▸ **Task**
From the line containing "Nike Kids Black and Lime Sneakers" down to the last line of the material, output each line exactly as it appears, excluding pictures.

****************

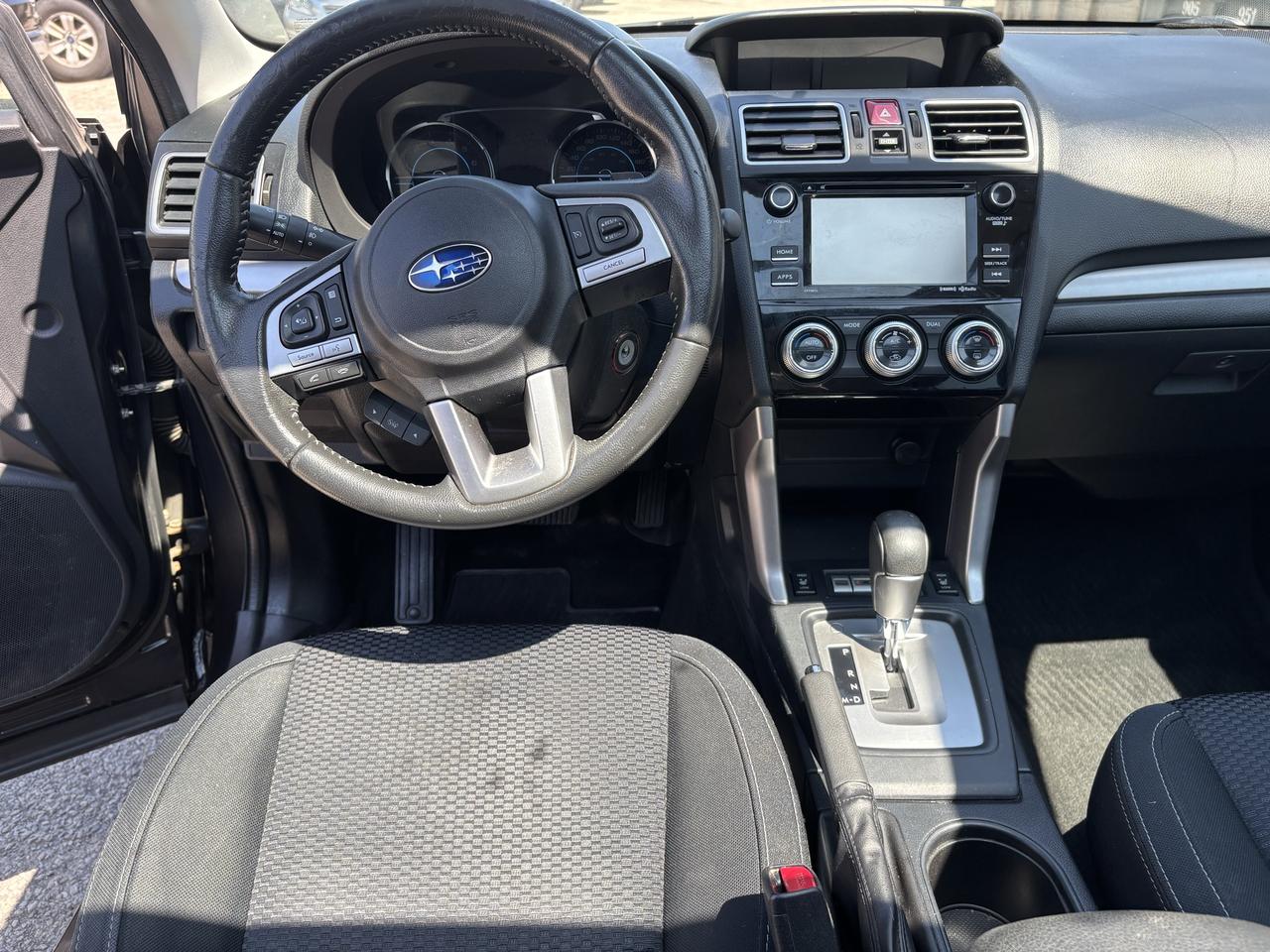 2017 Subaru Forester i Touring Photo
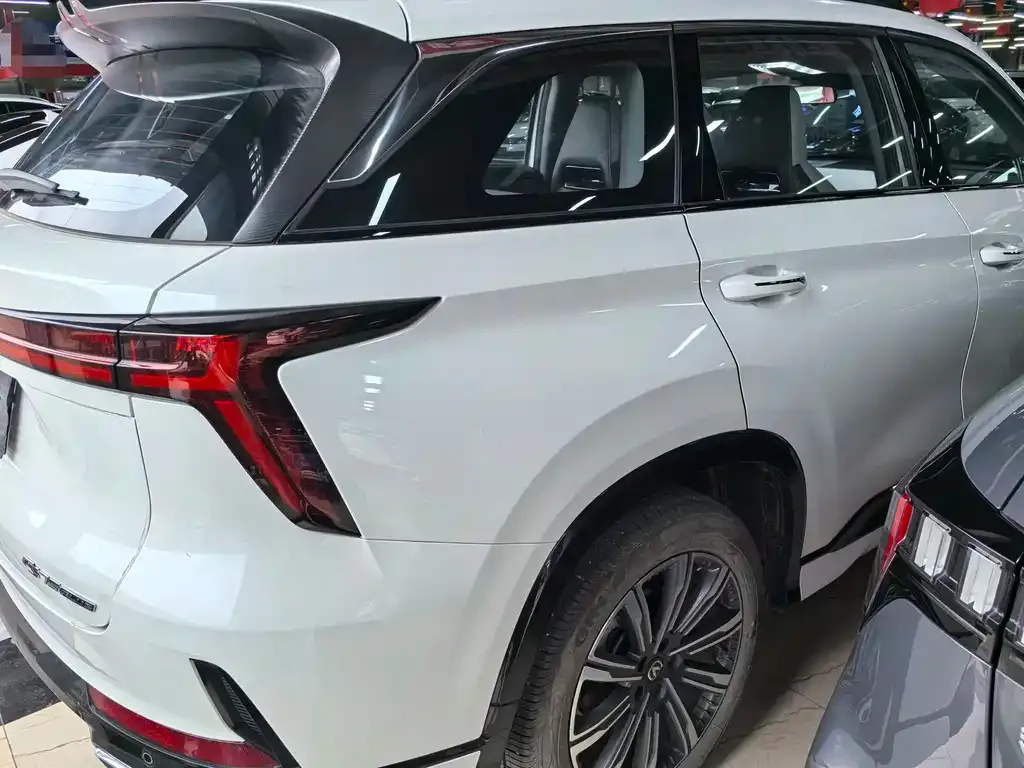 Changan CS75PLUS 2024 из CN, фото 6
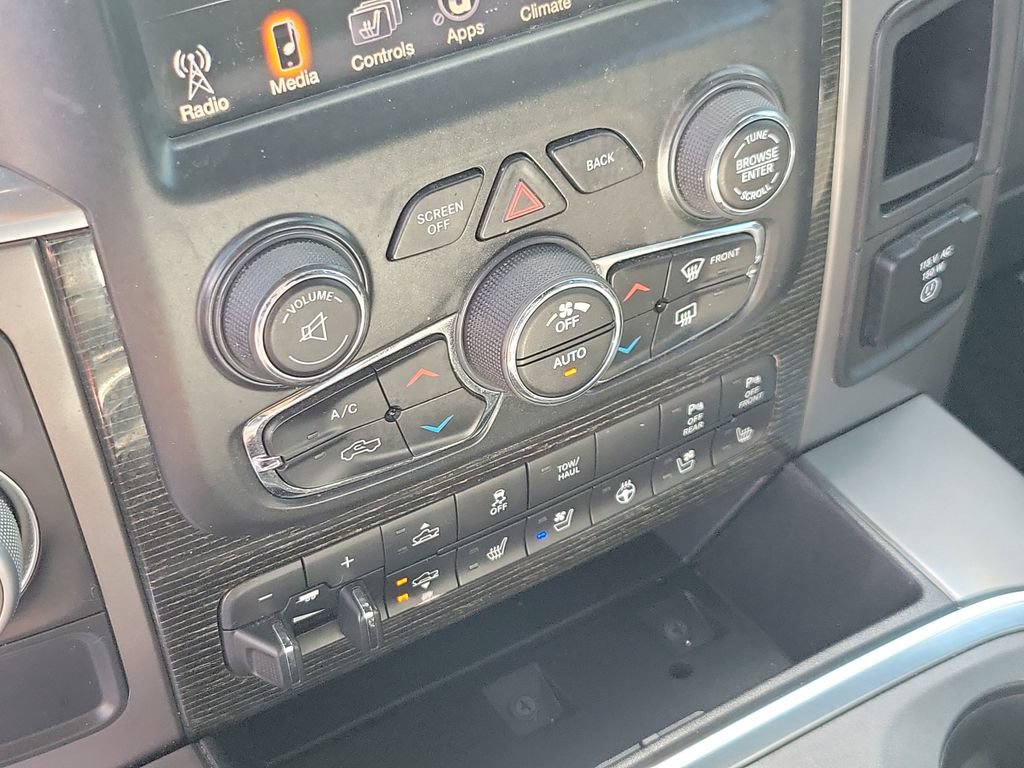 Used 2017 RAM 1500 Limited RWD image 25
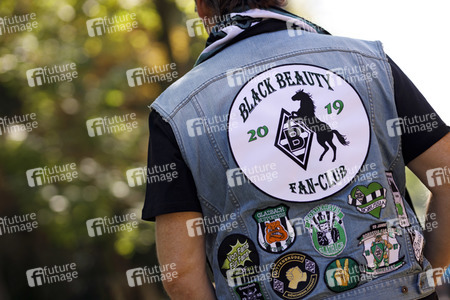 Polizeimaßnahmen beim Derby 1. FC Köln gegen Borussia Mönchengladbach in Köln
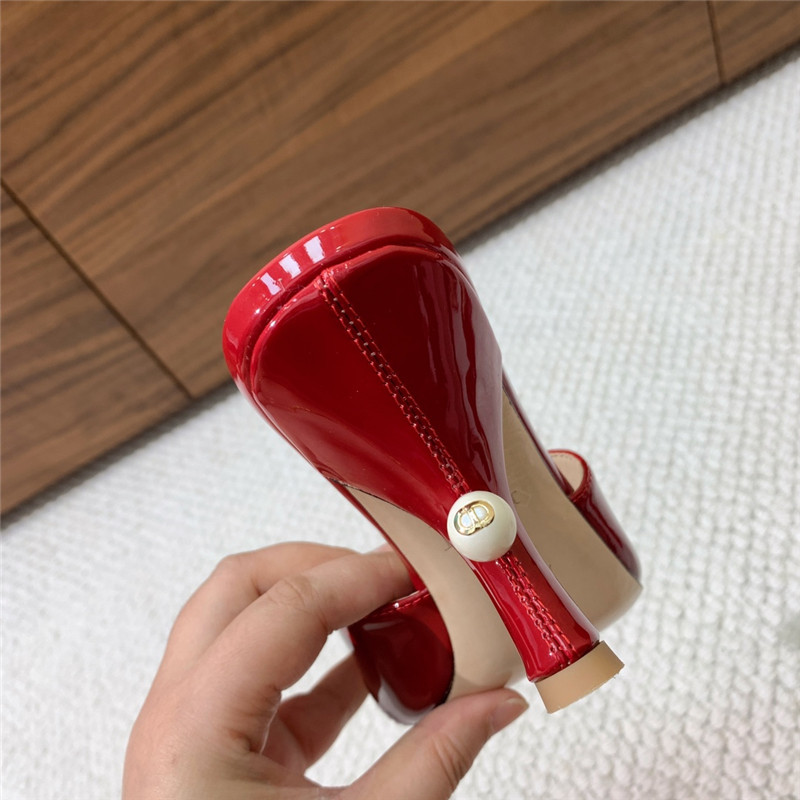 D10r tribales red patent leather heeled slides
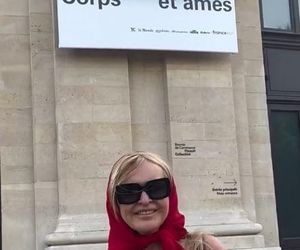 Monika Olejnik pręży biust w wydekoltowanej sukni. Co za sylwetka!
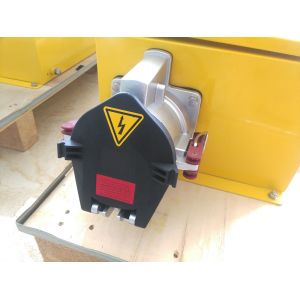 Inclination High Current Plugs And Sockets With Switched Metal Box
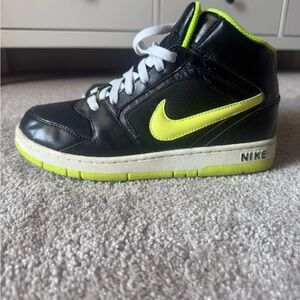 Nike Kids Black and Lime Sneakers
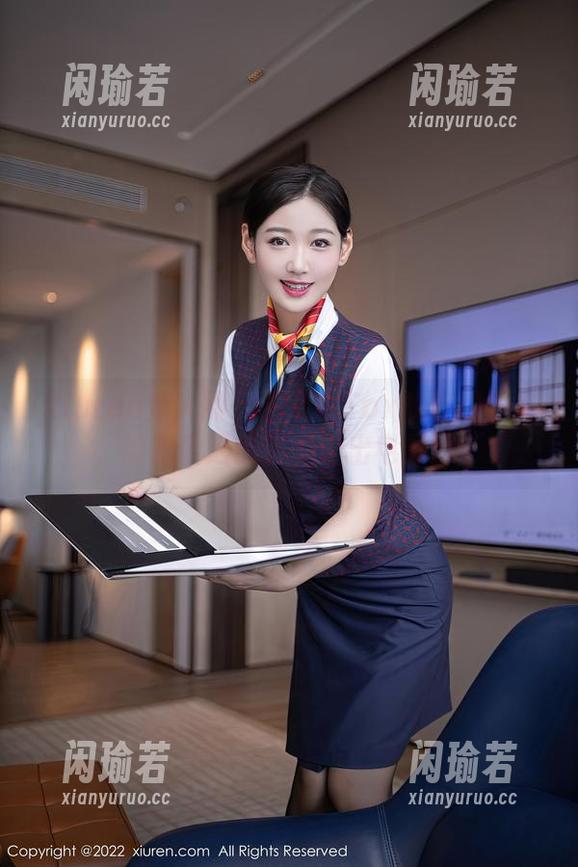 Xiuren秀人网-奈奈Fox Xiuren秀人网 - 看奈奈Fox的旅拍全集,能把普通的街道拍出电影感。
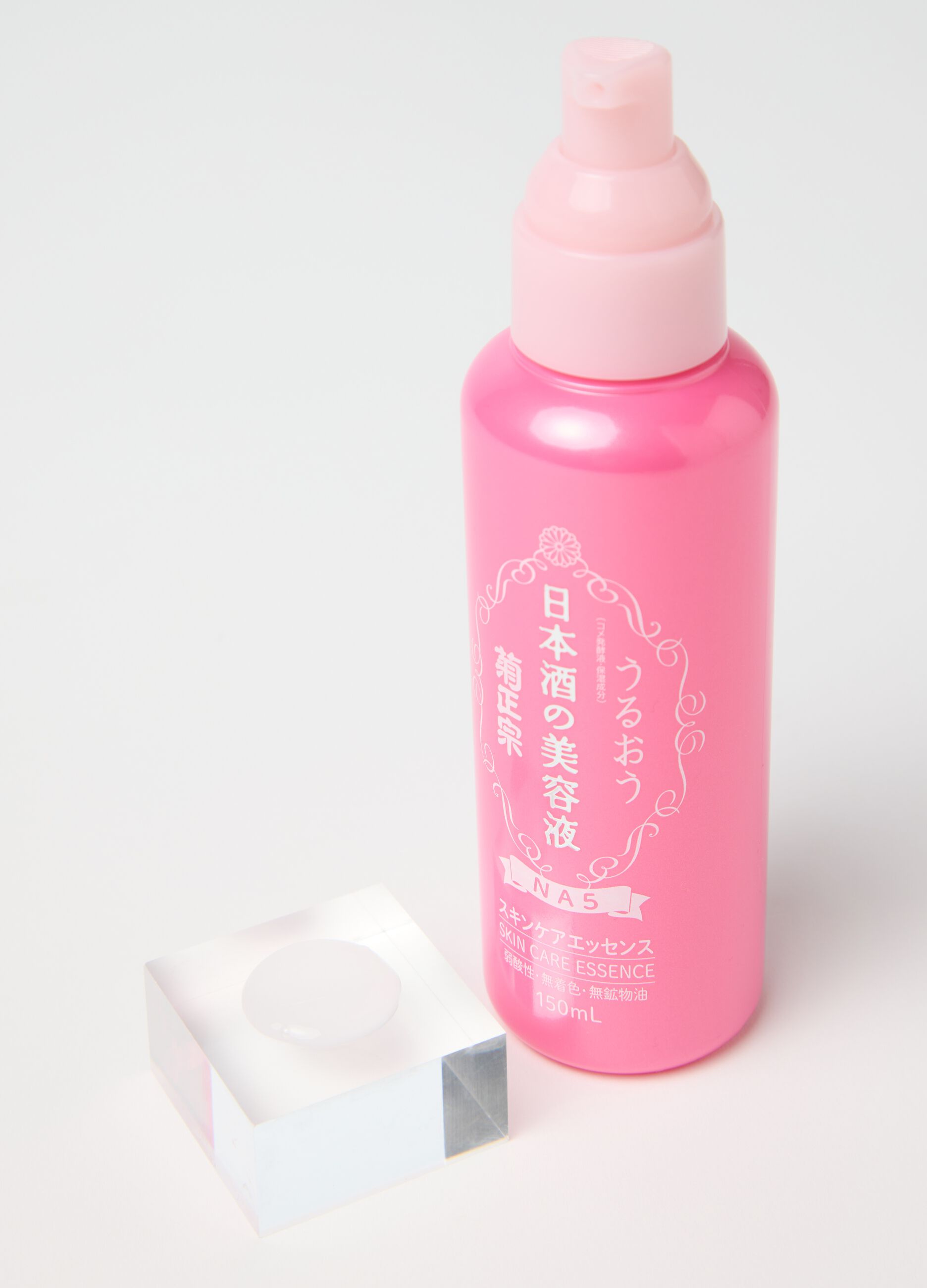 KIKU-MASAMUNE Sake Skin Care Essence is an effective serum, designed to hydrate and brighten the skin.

****************

▸ **Result of this task**
 Nike Kids Black and Lime Sneakers
 Xiuren秀人网-奈奈Fox Xiuren秀人网 - 看奈奈Fox的旅拍全集,能把普通的街道拍出电影感。
 KIKU-MASAMUNE Sake Skin Care Essence is an effective serum, designed to hydrate and brighten the skin.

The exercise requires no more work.